**SOURCE RECORDS**.
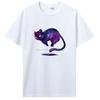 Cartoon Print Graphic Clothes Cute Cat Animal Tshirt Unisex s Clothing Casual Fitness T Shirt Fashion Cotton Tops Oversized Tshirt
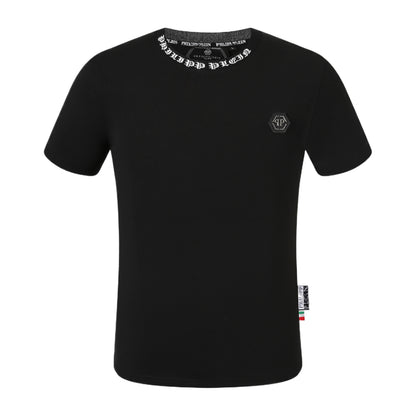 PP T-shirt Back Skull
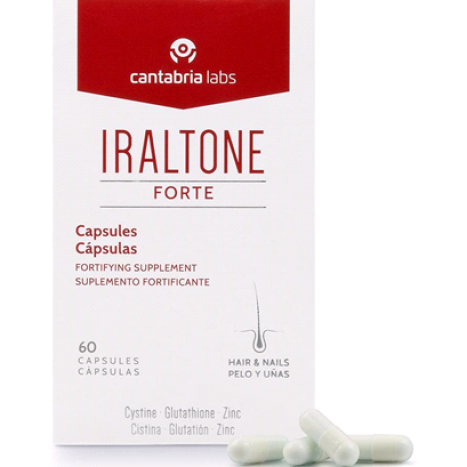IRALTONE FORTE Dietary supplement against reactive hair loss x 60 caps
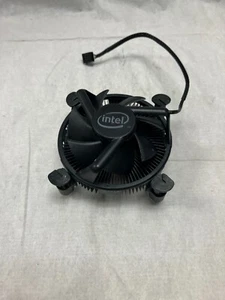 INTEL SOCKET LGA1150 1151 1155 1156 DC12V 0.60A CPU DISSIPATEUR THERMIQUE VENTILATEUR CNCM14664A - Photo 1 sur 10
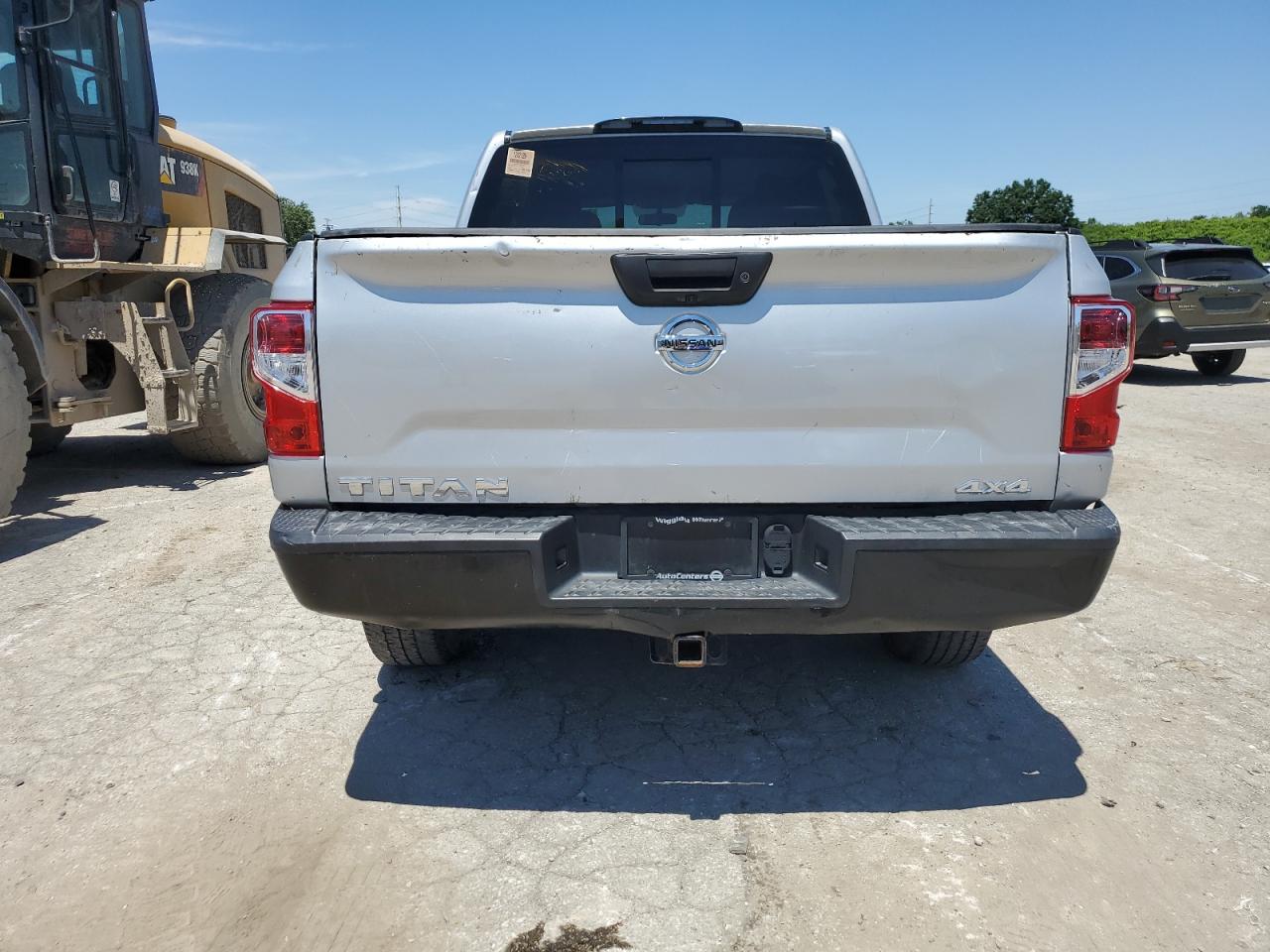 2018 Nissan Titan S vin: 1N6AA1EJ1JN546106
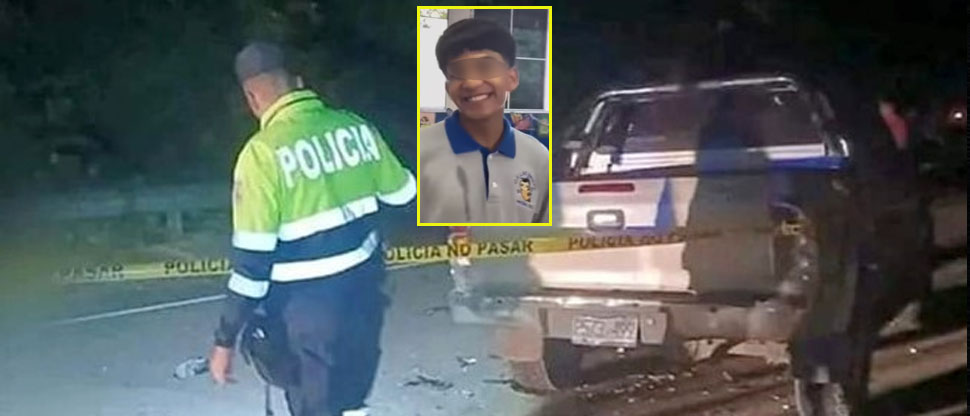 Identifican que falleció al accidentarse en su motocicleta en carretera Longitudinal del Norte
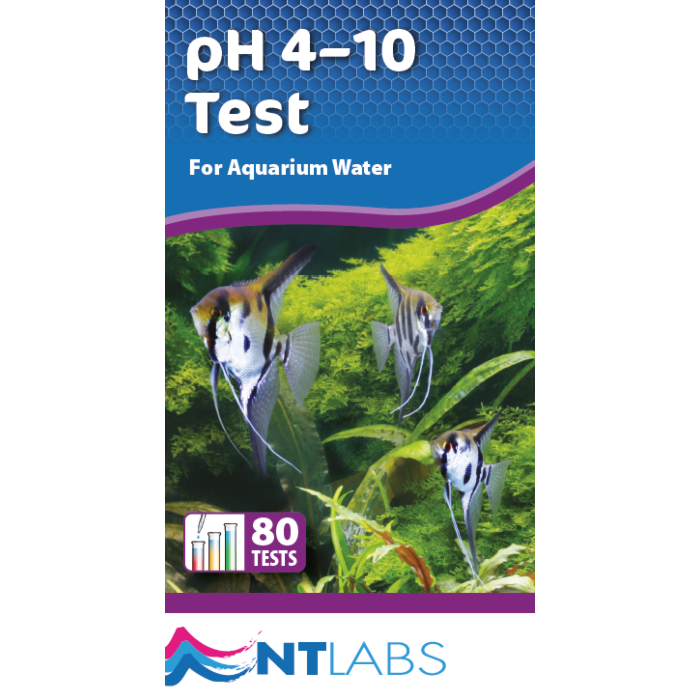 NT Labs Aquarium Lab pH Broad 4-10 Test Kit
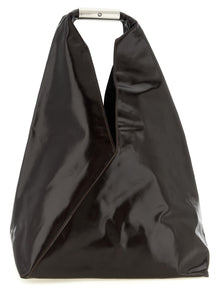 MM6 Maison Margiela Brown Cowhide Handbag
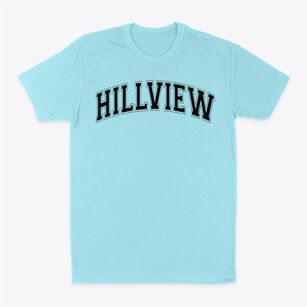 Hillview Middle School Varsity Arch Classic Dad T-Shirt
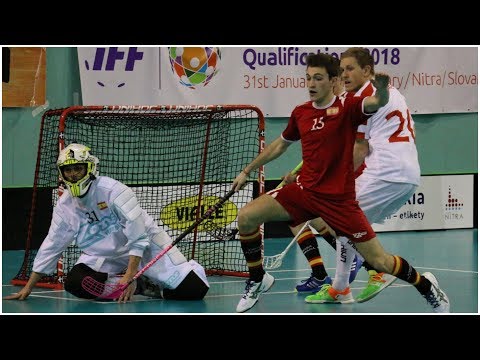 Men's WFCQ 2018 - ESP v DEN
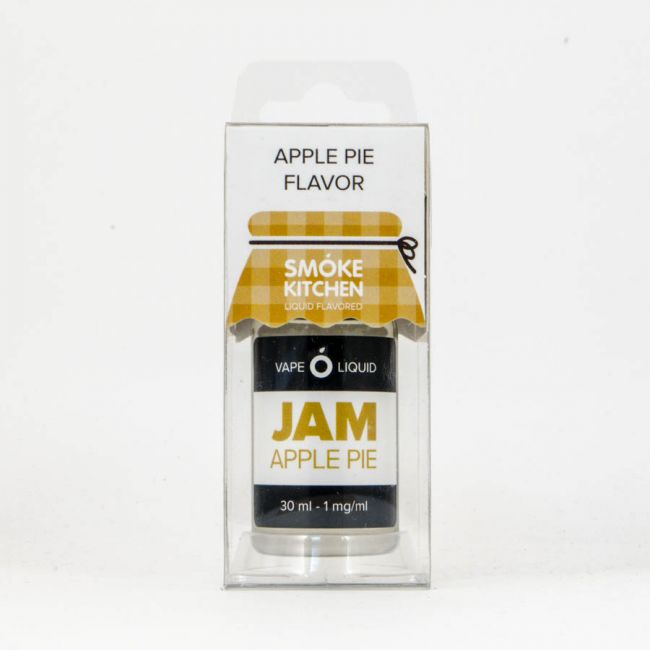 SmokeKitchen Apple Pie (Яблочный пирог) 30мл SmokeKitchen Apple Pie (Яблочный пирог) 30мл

**YOUR GOAL**.
The lines to reproduce run from the one above containing "INTEL SOCKET LGA1150" through the one containing "NT Labs Aquarium Lab pH Broad 4-10 Test Kit". Copy them exactly and leave out all pictures.

**EXERCISE RESPONSE**.
 INTEL SOCKET LGA1150 1151 1155 1156 DC12V 0.60A CPU DISSIPATEUR THERMIQUE VENTILATEUR CNCM14664A - Photo 1 sur 10
 2018 Nissan Titan S vin: 1N6AA1EJ1JN546106
 Identifican que falleció al accidentarse en su motocicleta en carretera Longitudinal del Norte
 NT Labs Aquarium Lab pH Broad 4-10 Test Kit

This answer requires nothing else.